Eight members of 8 Air Communication and Control Squadron (8 ACCS) recently deployed to Keflavik Air Base. They have deployed as part of Air Task Force (ATF)-Iceland from the first week of May to mid-June 2017. The ATF provides continuous air surveillance and interception capability with six CF-18 fighter aircraft. These aircraft can be launched to meet and identify unknown airborne objects within, or approaching NATO airspace.
However, CF-18 fighter operations, and the aerospace control they require, cannot happen without highly-advanced networks and equipment to support the advanced communications they depend upon. Packed into large, green, air-transportable containers, the Communication and Information Systems (CIS) kit is always among the first to be offloaded from Royal Canadian Air Force (RCAF) transport aircraft when they arrive in a theatre of operations.

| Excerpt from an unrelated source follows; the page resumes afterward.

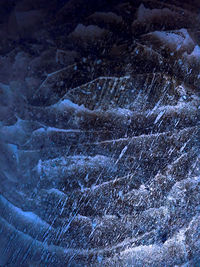 Full frame shot of snow on rock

“We activate the airfield. Once the main body of the deployment arrives, all CIS assets, computers, mission-specific networks and voice communication devices are in position and ready to be used by the ATF,” said Captain Natasha Dargan, the ATF Communications and Information Services officer.
In this case, activation meant stringing kilometers of cabling through operations buildings, inflating and adjusting radio and satellite antennas, and ensuring that the mission-critical secure networks and systems were verified and functional.

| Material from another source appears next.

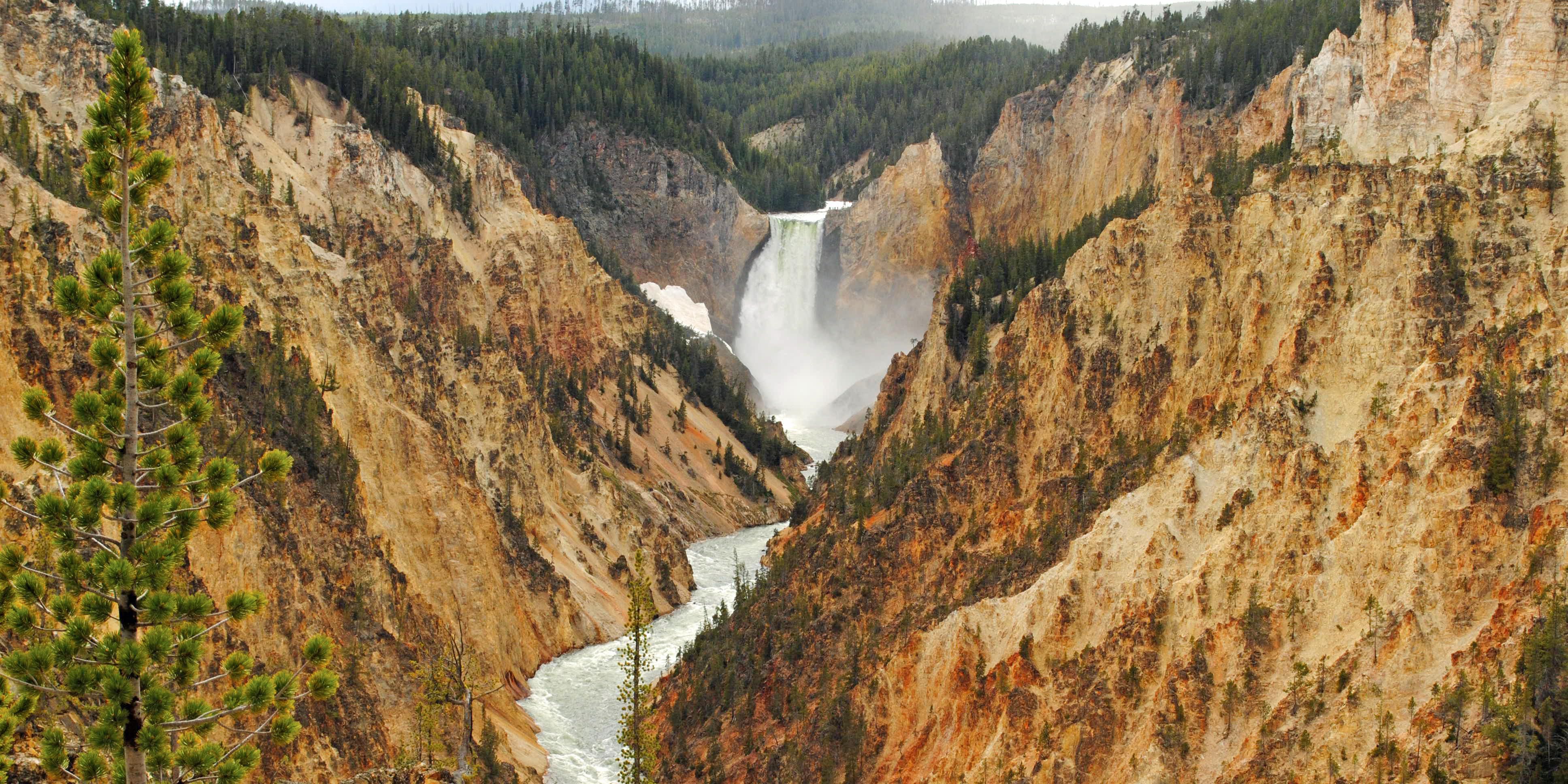 Waterfall and river in between two tan rocky mountains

“Our team worked really hard to reach initial operational capability before the advance party’s arrival,” said Captain Dargan. “This was in order to ensure that operations would be enabled when the fighter aircraft and aerospace control elements arrived, and that everyone would be provided with the level of services they required.”
As part of 2 Wing, the RCAF’s air expeditionary wing, the ATIS Technicians and Communications and Electronics Engineering (Air) Officers of 8 ACCS, maintain a high-readiness state and are known for their frequent and rapid deployments. They have elements in Bagotville, Quebec and Trenton, Ontario. Also joining the team at Keflavik were ATIS Technicians from 3 Wing Telecommunications and Information Services Bagotville to support 433 Tactical Fighter Squadron’s mission planning.

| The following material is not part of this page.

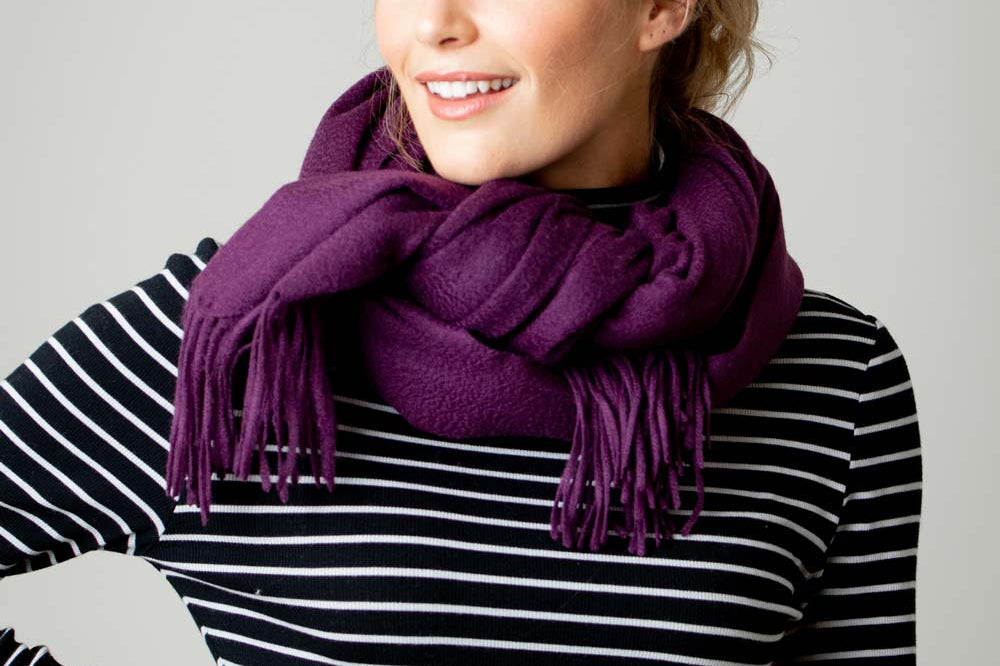 Model Wearing Alpine Cashmere Ripple Finish Wrap in Eggplant Purple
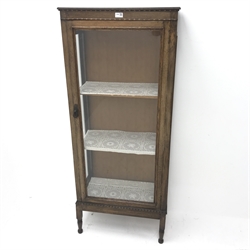 Early to mid 20th century oak glazed display cabinet, egg and dart detailing, single door enclosing two lined shelves, turned supports, W62cm, H149cm, D32cm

ATF-Iceland’s short mission reinforced the need for reliable communications to ensure there was no time lost on establishing or re-establishing links between the task force and Canada. “There have been no major interruptions of communications, and that is certainly satisfying,” said Captain Dargan. “As specialists in deployable communications, it’s our job to understand and anticipate the operator’s needs and make the deployment from Canada to theatre as seamless as possible.”